United States: Annual home price growth continues to weaken despite strong monthly gains in March
Home prices posted strong gains in March, further extending the rebound observed in February after several months of price decline. On a month-on-month basis, the S&P/Case-Shiller 20-city composite home price index rose 0.7% in March, up from 0.2% in February. When adjusted for seasonal factors, however, house prices only grew 0.1% from the previous month, under February’s 0.3% and market expectations of 0.2%.
Despite the solid month-on-month increase, home price growth continued to slow in annual terms, from 3.0% in February to a six-and-a-half-year low of 2.7% in March, overshooting analysts’ expectations of 2.5%. Las Vegas, Phoenix and Tampa registered the largest year-on-year price increases, while momentum was weakest in California’s San Francisco, Los Angeles and San Diego. Overall, 16 out of the 20 cities in the index registered slower annual price growth in March than in February.
Commenting on the reading, David Blitzer, managing director at S&P Dow Jones Indices, noted:
“Given the broader economic picture, housing should be doing better.

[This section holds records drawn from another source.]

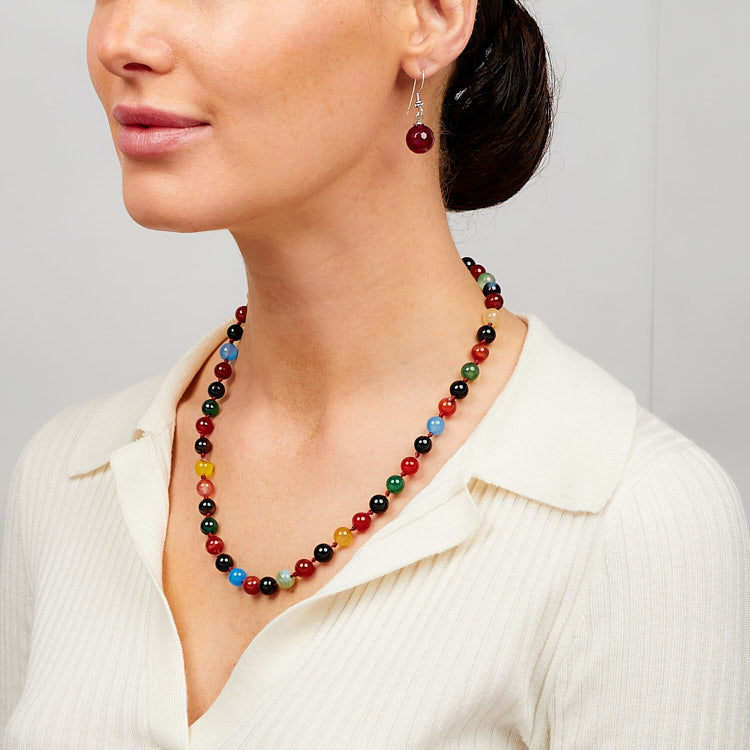 Womens Multicolour Gemstone Necklace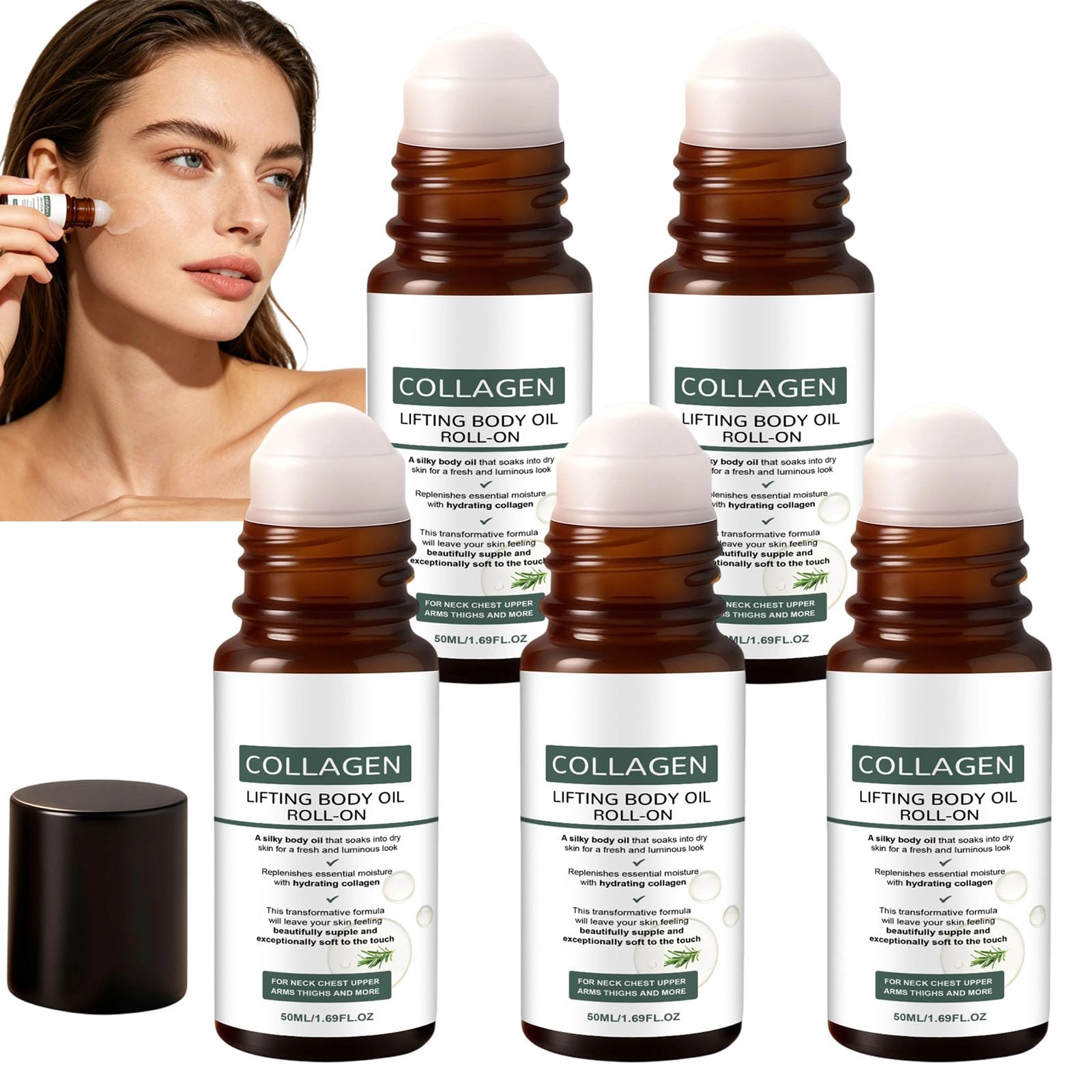 Kolagen Lifting olejek do ciała, szybko wchłaniające, nietłuste serum do pielęgnacji skóry – Roll-on olejek do ciała, przeciwstarzeniowy, ujędrniający i ujędrniający skórę, jedwabisty nawilżający (5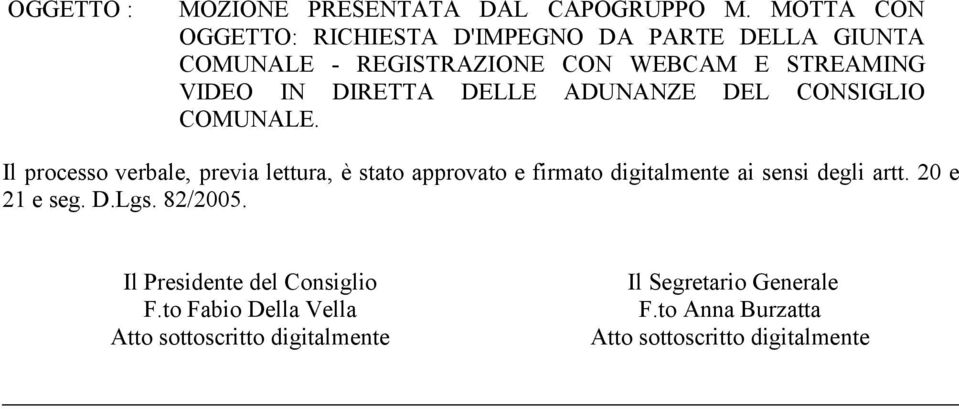 digitalmente ai sensi degli artt. 20 e 21 e seg. D.Lgs. 82/2005.
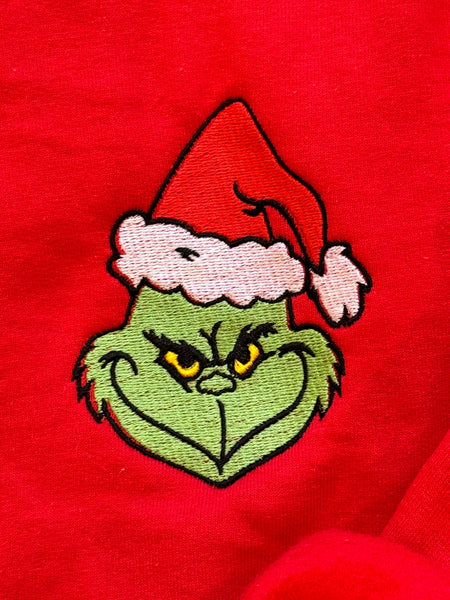 Grinch Head Embroidered Mommy and Me Sweatshirts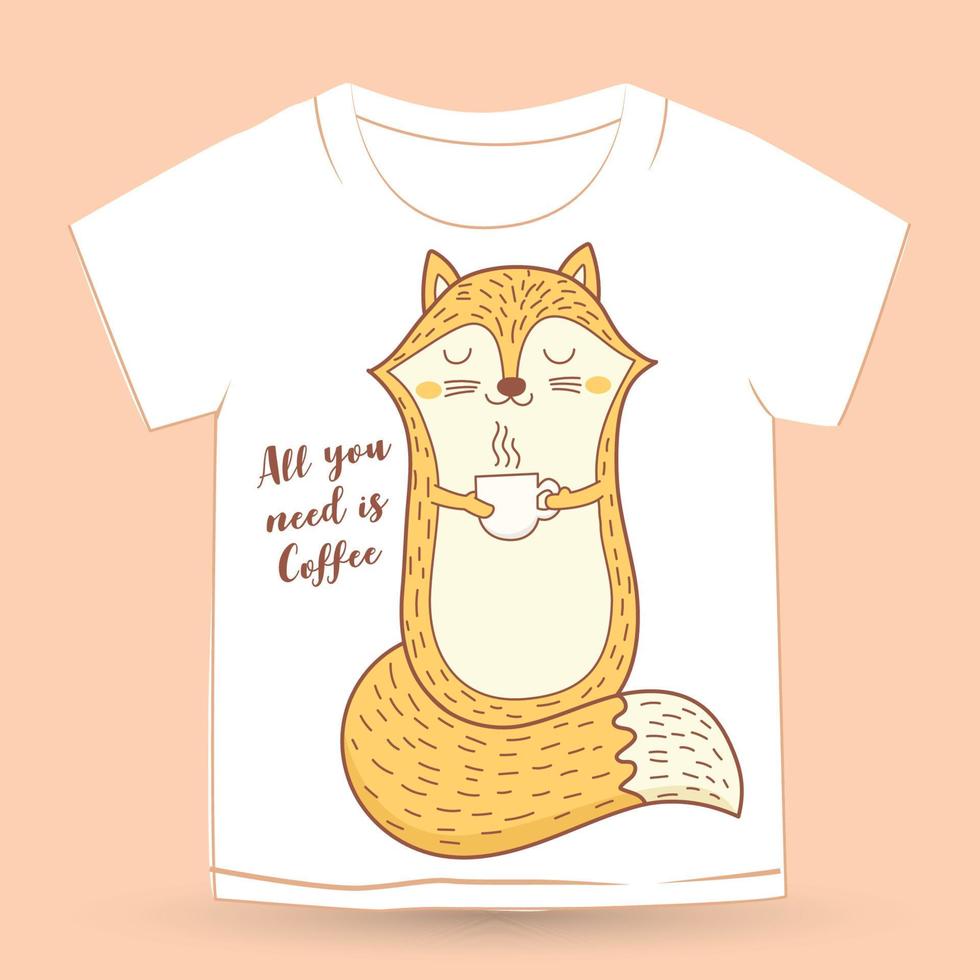 raposa desenhada de mão bonita com xícara de café para camiseta vetor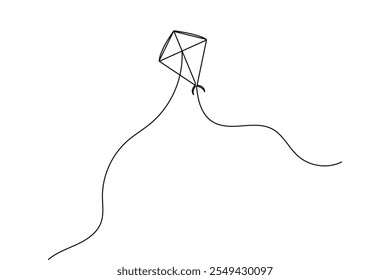 Flying kites  one line drawing of isolated outline flat vector icon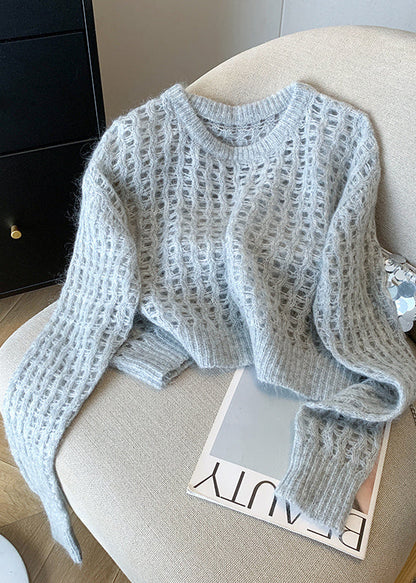 Pull en tricot blanc à col rond et ajouré tendance pour l'automne QI045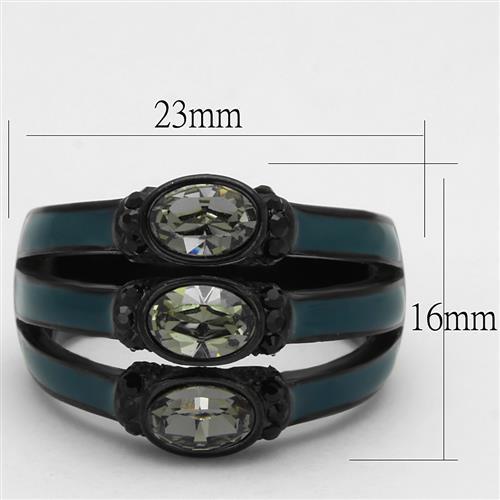 TK2214 - IP Black(Ion Plating) Stainless Steel Ring with Top Grade Crystal  in Black Diamond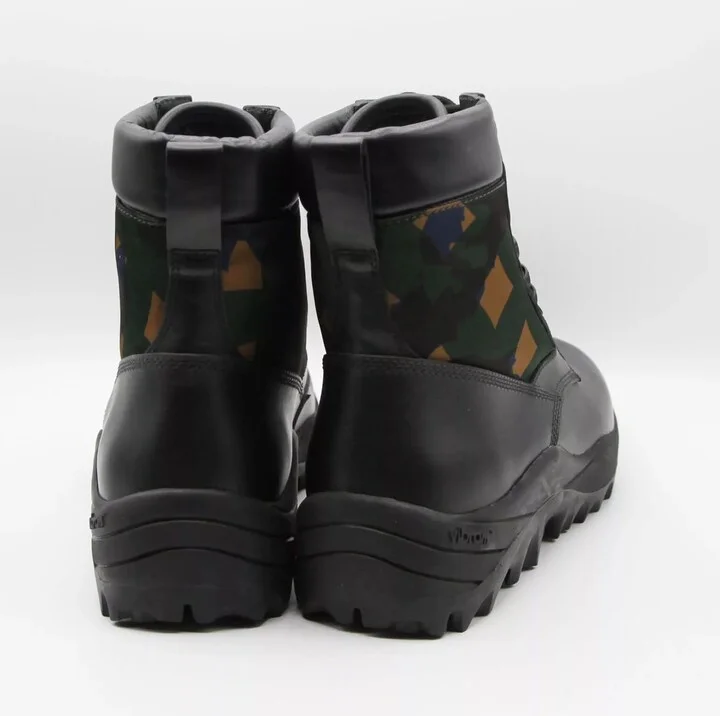 Men's Black Leather Jungle Green Camouflage Boots 41/US 8 - Image 5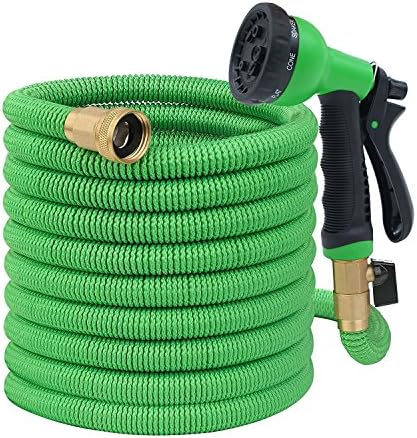 100 ft Garden Hose - Upgraded Expandable Water Hose Kit with 3/4 Solid Brass Connectors Fittings, Valve, 8 Pattern Spray Nozzle, Durable Latex Core - New Expanding Flexible Gardening Hose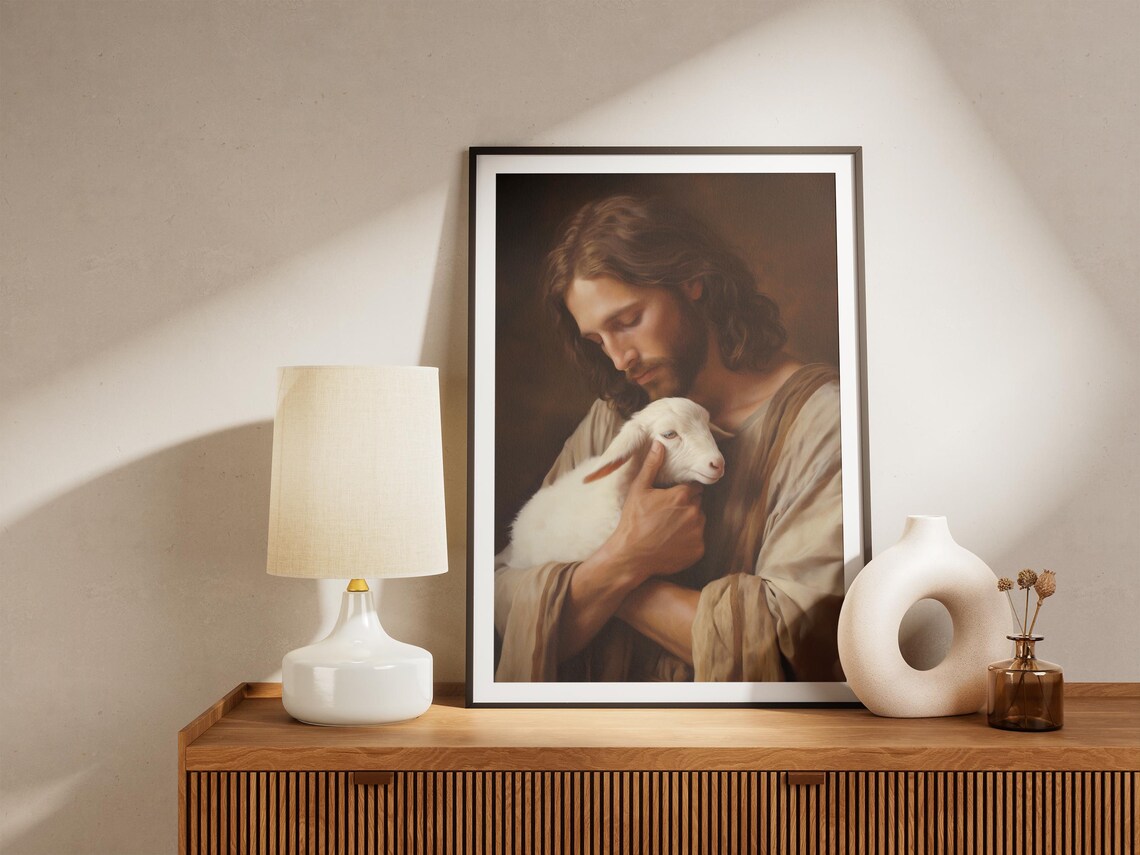 Jesus Christ Holding Lamb Close Oil Painting Tender Faith Art Poster - Image 4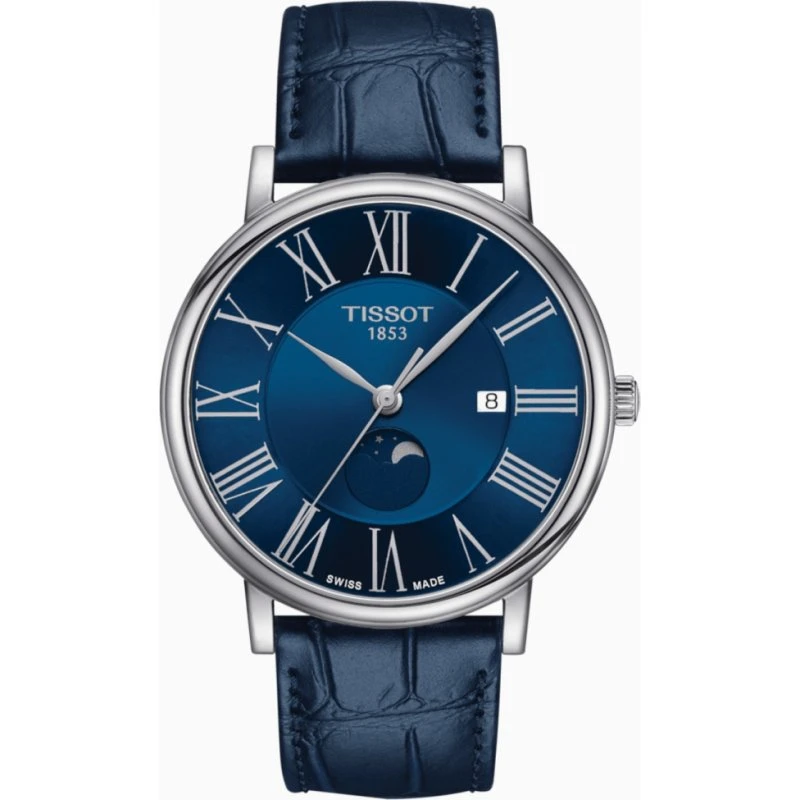 Tissot Carson Premium Gent Moonphase 40 mm bleu cuir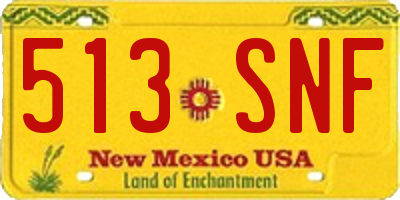 NM license plate 513SNF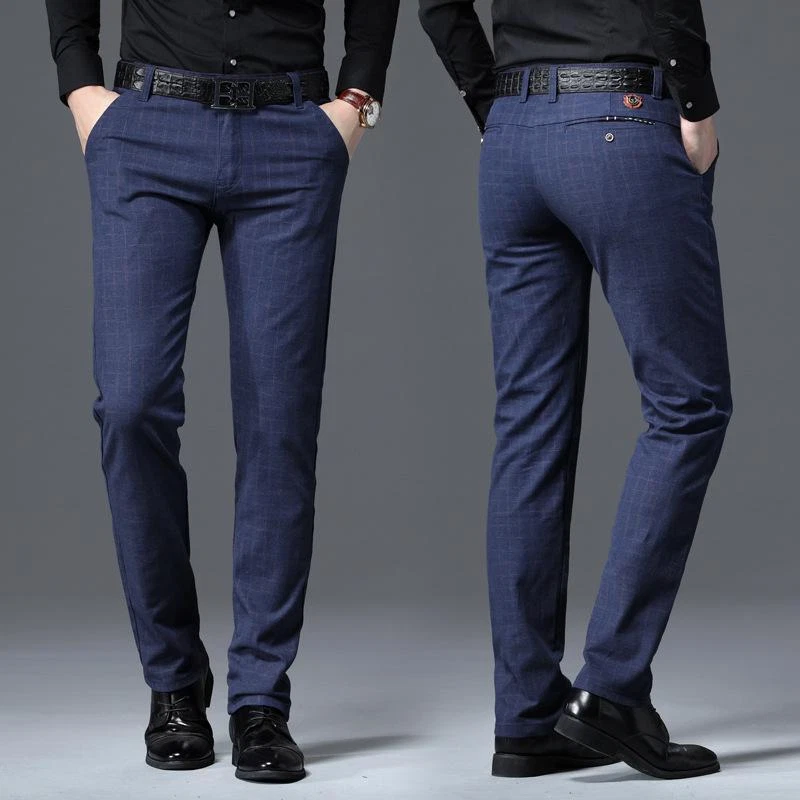 Pantalones Elegantes Para Hombre Ropa De Vestir Formal De Algodón Moda  Negocios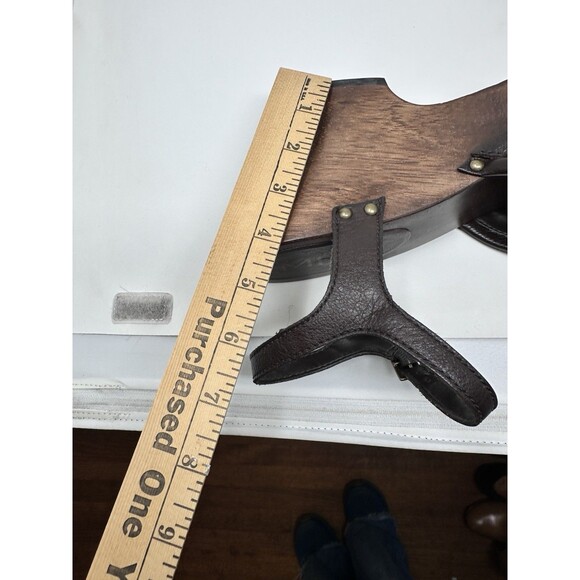 Mia Womens 9 Studed Clogs Sandals Black Leather Wood Heel Peep Toe - Picture 9 of 10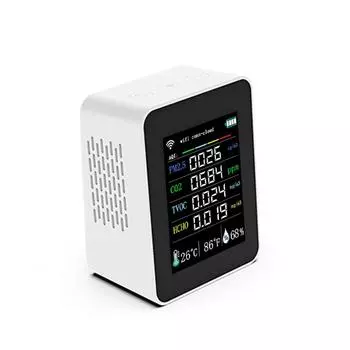 Портативный измеритель качества воздуха Tuya Wi-Fi 7in1 PM2,5 CO2 TVOC HCHO AQI тестер температуры и влажности чёрный
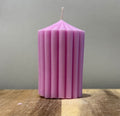 Striped Pointed Pillar Candle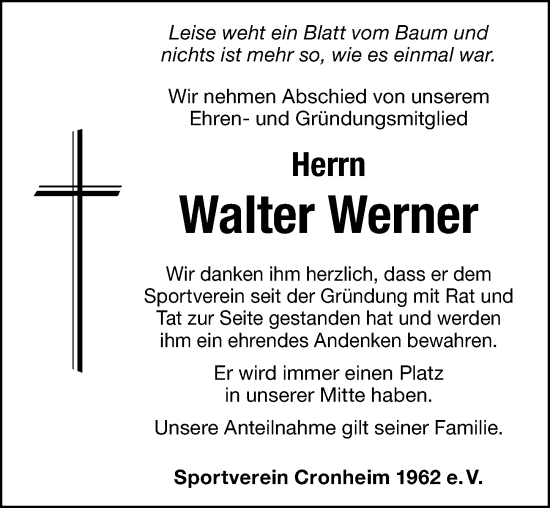 Traueranzeige von Walter Werner von Altmühl-Bote Lokal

Mortgage rates are at 4% for a 30-year fixed rate loan, unemployment is close to a 50-year low, low inflation and moderate increases in real incomes would be expected to support a strong housing market. Measures of household debt service do not reveal any problems and consumer sentiment surveys are upbeat. The difficulty facing housing may be too-high price increases. At the currently lower pace of home price increases, prices are rising almost twice as fast as inflation.”